Per la prima volta inoltre vi si condannano istituzioni tradizionali lesive dell'integrità fisica e psichica quali le mutilazioni genitali femminili. Ma enunciare un principio in un documento non basta. Occorre tradurlo in leggi e farle rispettare. La strada in Africa è ancora lunga e tutta in salita. Lo diventa ancora di più se, chi nel valore di ogni vita ha creduto, perde il proprio ruolo guida e invece gradualmente adotta istituzioni contro le quali aveva lottato – aborto, infanticidio, scarto di malati, anziani, disabili – e passa a nuove battaglie.
Durante le ultime vacanze scolastiche, nel nord del Tanzania centinaia di bambine, sapendo che sarebbero state sottoposte a interventi di mutilazione genitale, sono scappate di casa. Di solito i genitori non mutilano le figlie mentre vanno a scuola perchè gli insegnanti se ne accorgono e potrebbero denunciarli. Molte studentesse sono state ospitate da una associazione fino alla riapertura delle scuole e per ora sono salve. Tuttavia più di 800 sono state mutilate. Ne patiranno le conseguenze per tutta la vita.

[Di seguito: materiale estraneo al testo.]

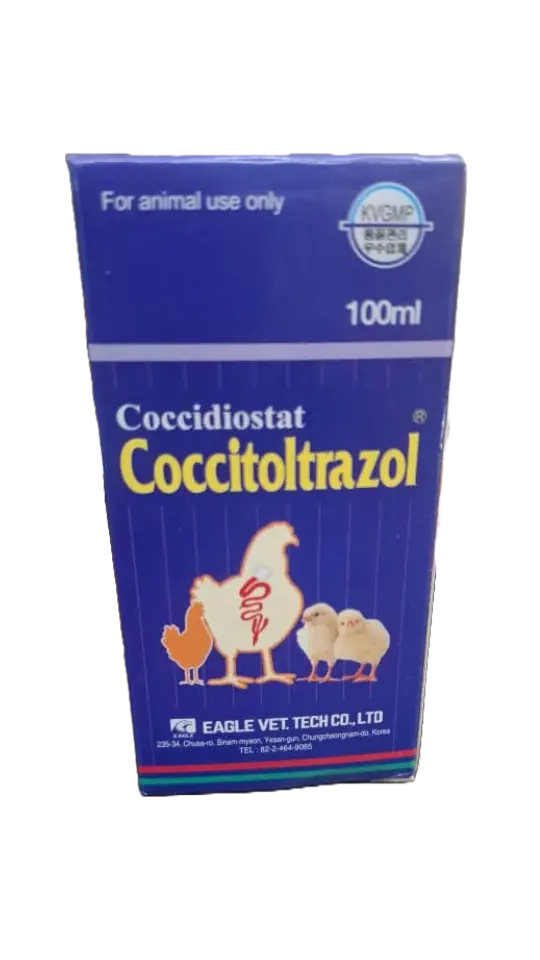 COCCITOLTRAZOL 100MLS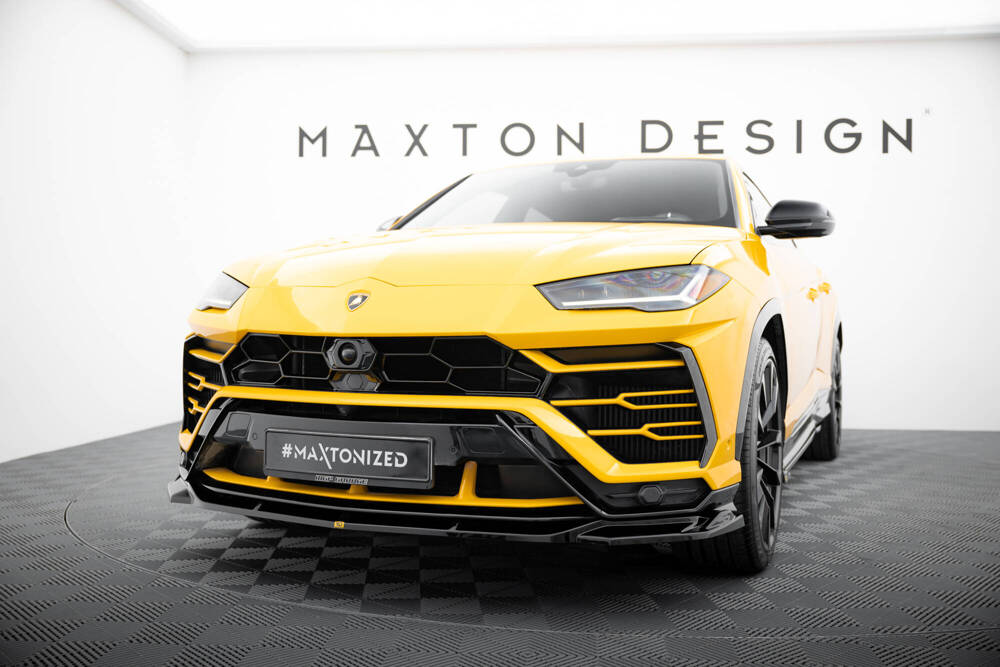 Ensemble Diffuseur Lamborghini Urus Mk1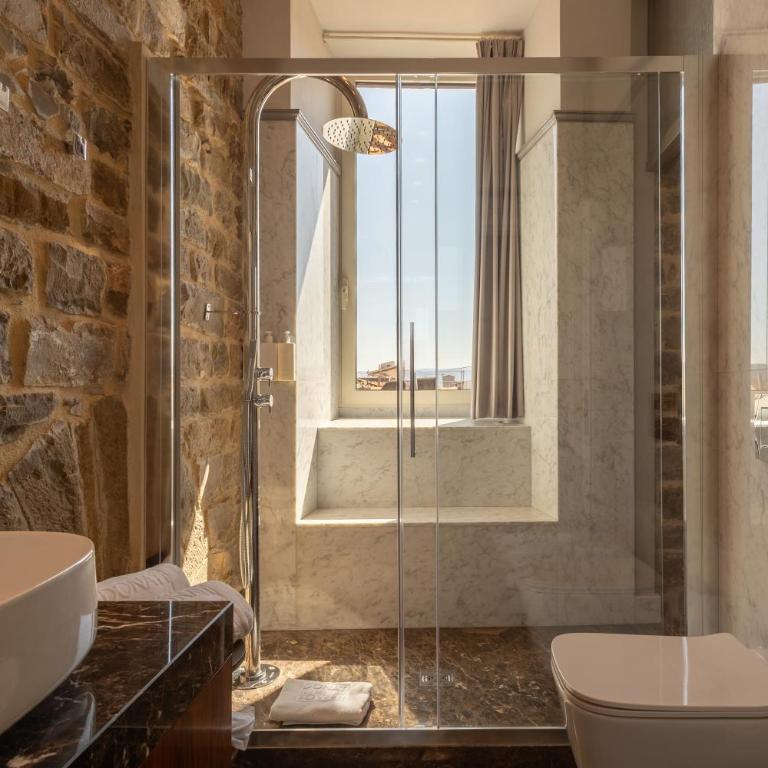 Donati Luxury Tower Suites - Dante - Suite with Partial Duomo View - 7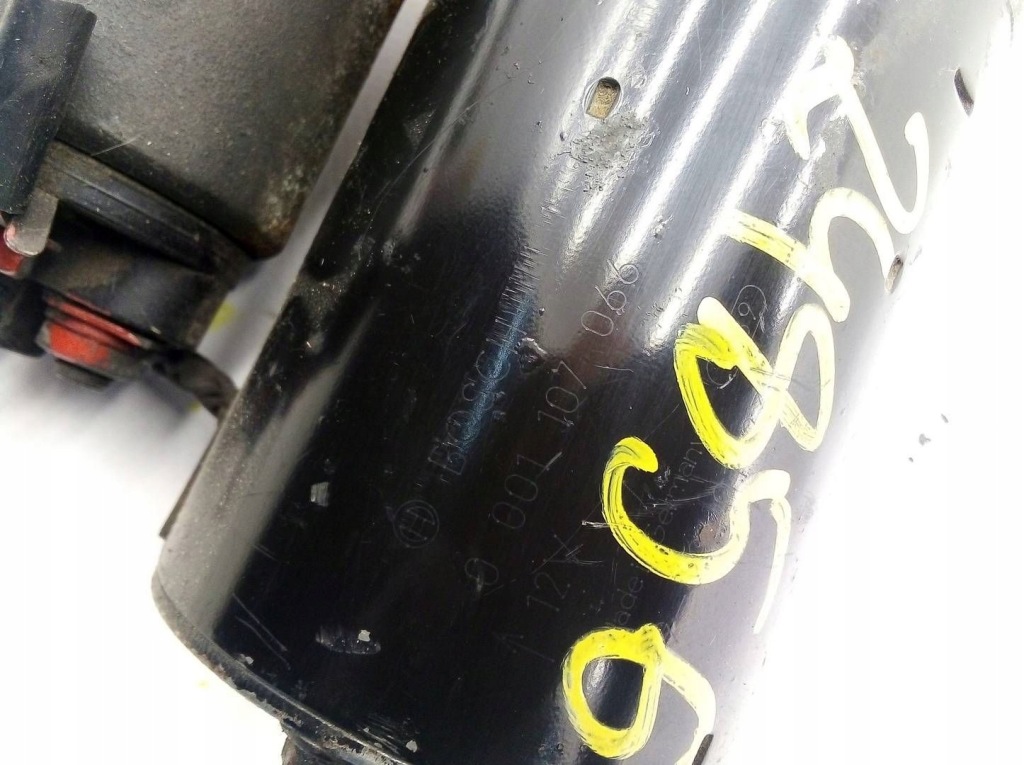 Alfa romeo 147 2003 0001107066 стартер Оригинал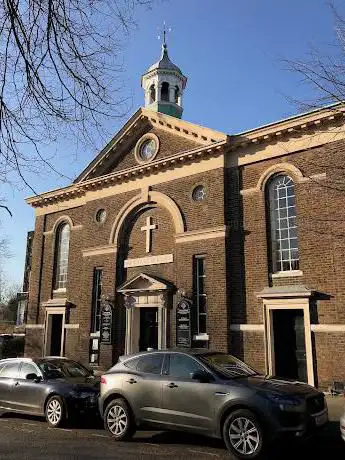 Church of the Ascension Blackheath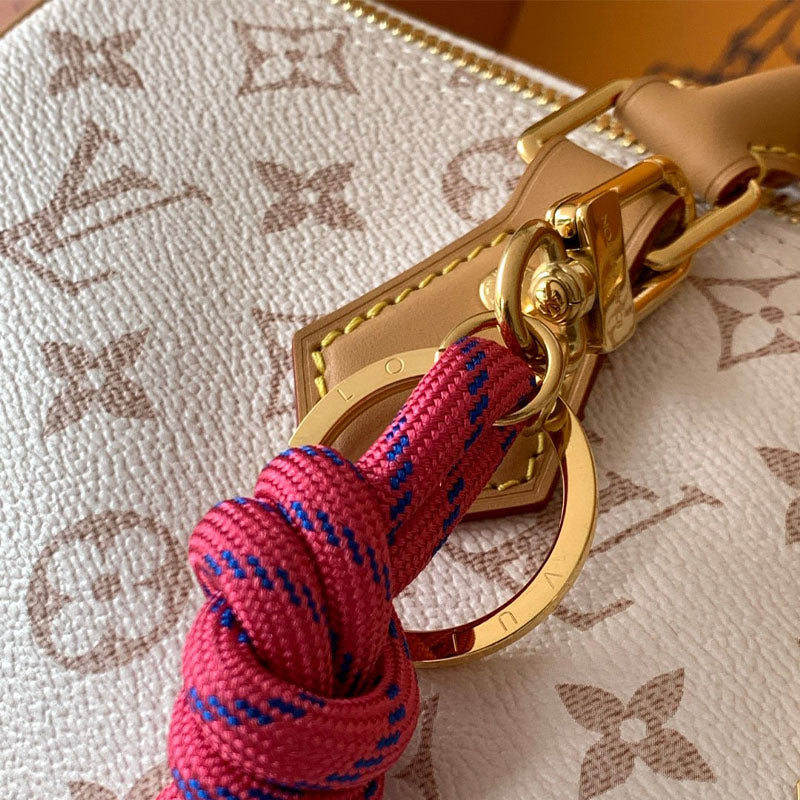 LV Speedy Soft 30 Lucky Other Monogram Canvas M15108 Bags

Eppure in queste settimane, se del Tanzania si è parlato nel mondo, è stato per denunciare la chiusura di alcuni presidi sanitari che curavano i malati di Aids. Questo almeno stando ai titoli. Nei fatti, il governo ha bloccato 40 centri sostenendo che delle ong se ne servivano per propagandare e favorire l’omosessualità. Inoltre l’ordine governativo è stato emanato il 17 febbraio, lo stesso giorno in cui il ministero della sanità ha annunciato l’estensione dell’assistenza ai malati di Aids, anche omosessuali, a 3.000 nuovi centri sanitari sparsi in tutto il paese.
Ogni anno tre milioni di bambine in gran parte africane subiscono interventi di mutilazione genitale. Un altro dramma per milioni di donne africane è la situazione in cui vengono a trovarsi se muore il marito. Per tradizione tutti i beni del defunto passano ai figli, se sono adulti, se no a suo padre e ai suoi fratelli. Molti paesi hanno adottato leggi che consentono alle vedove di ereditare, ma in materia di diritto di famiglia ed ereditario ammettono che gli interessati continuino ad applicare le norme consuetudinarie, tribali, tanto più nel caso di matrimoni celebrati secondo riti tradizionali. Così le vedove si ritrovano prive di tutto, anche dell’abitazione, che i cognati requisiscono, e dei terreni agricoli da cui spesso dipende la loro sussistenza.
Qualche tentativo di sensibilizzazione su questo problema è stato fatto, ma con scarsi risultati: le tradizioni vanno considerate. In compenso in Sudafrica si è celebrata come una grande conquista per i diritti umani, una svolta storica, la sentenza da poco pronunciata a Johannesburg che ha riconosciuto al compagno e convivente di un uomo deceduto nel 2015 il diritto di ereditarne i beni. Il fratello del defunto li aveva reclamati, ma un giudice ha stabilito che i partner di una coppia omosessuale sono coniugi e quindi hanno diritto a ereditare. Le mogli femmine di mariti maschi, loro, possono aspettare.